Listening to Cocteau twins

My wife surprised me yesterday by saying that she still couldn’t believe it that John Peel was dead. As she had not actually heard of John Peel until she met me, that was saying something. I suppose it must have been Home Truths what done it. I had not actually heard of Daniel O’Donnell until I met my wife but I’m pretty certain that I won’t feel the same way about that gentle Irish crooner when he eventually goes to the great end-of-the-pier-in-the-sky. I am sure my wife won’t either. Having been put off the Midwich Cuckoos by the spoilers on BBC4 last week, she has expressed a desire to read Margrave Of The Marshes when I have finished it. That is not going to be long; I bought it in the local bookshop instead of any discounted place because the great-grey-behemoth that is town-and-country development these days wants to knock down the building it is housed in and put up what Charles three would call a glass stump; it will be finished in the next 24 hours.

I was very worried that Peel’s biography being started by him and finished by someone else would result in a fault-line I wouldn’t be able to get over.
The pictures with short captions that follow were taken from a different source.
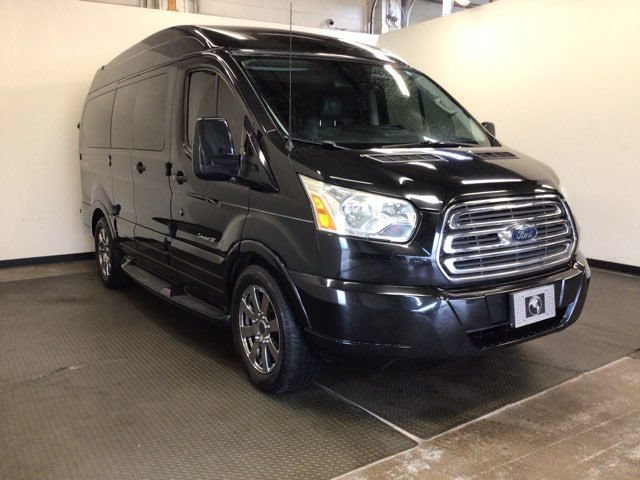Used 2015 Ford Transit 150 130 Low Roof w/ Exterior Upgrade Package RWD image 1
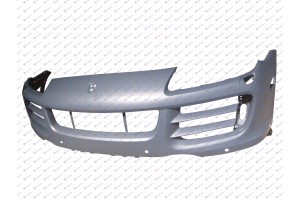 Προφυλακτηρας Εμπρος 07- (ΜΕ Pds & ΠΙΤΣ) Porsche Cayenne 03-10 - 056103375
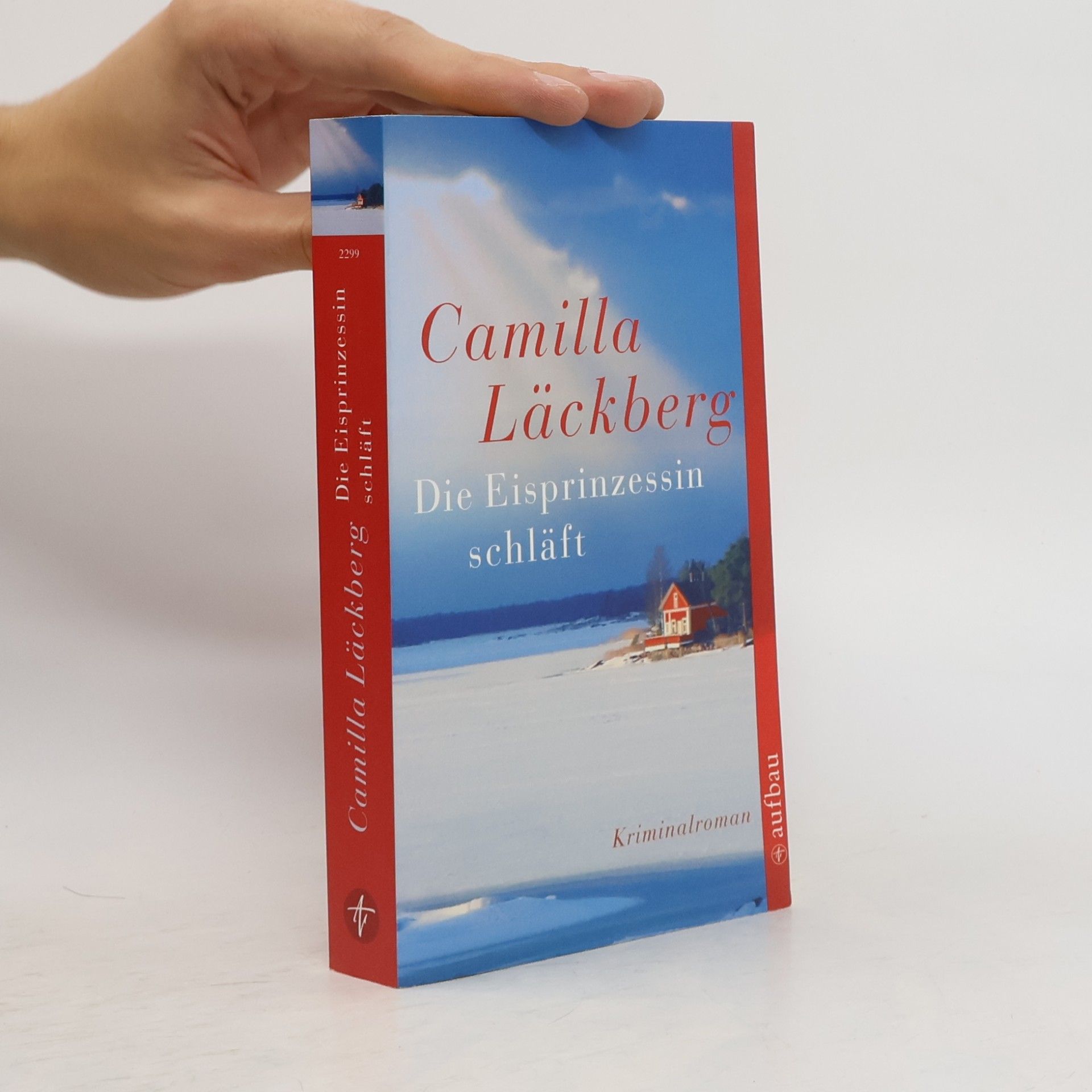 Camilla Läckberg Die Eisprinzessin schläft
There are no worries on this score, his wife writes, if not in the same style as JP, with the same outlook on life and the same level of understanding of what he experienced. There was a gentle pang when I finished the first part, knowing that was the end of Peel, about this time last year but with the insertion of a letter to Tom Robinson declaring love of Sheila, the novelistic trail continues, only slightly slowed by the change of pronoun. The laugh quota per page is the same in both halves, as is the John-bursting-into-tears count and the obvious longing for family life. I left it last night with the description of his kids feeling out of touch with modern music because their dad was not there to call and ask advice of and it was sad – like Jenny Agutter calling out “daddy - My Daddy” something which gives me filmy eyes just writing it.

I’ve said before, that I didn’t listen to Peel’s show often in recent years but thinking back over it, each brief night time listen resulted in the purchase of some exquisite music which he found fit to play between the banging techno, nanosecond long death-metal tracks, and all the other un-listenable stuff which I used to pretend to like. Black-Star Liner spring to mind. None of this is anything to the hours I used to listen to Peel’s show when it came on after Kid Jensen in what must have been the late seventies and early eighties. It was only on medium wave and faded in and out as radio Moscow used to get the better of it and I am sure my uneducated ear must have found a lot of the stuff quite strange, far more than it did the last time I heard the show. There is a wonderful picture of PJ Harvey at rest between tracks for a gig played at Peel Acres, beaming at John as he comes out with an obviously bluffed tale, a real gem, like finding Ian McCulloch smiling or worse still, without his sunglasses. Rock and Roll with the back off. Read it and truly weep.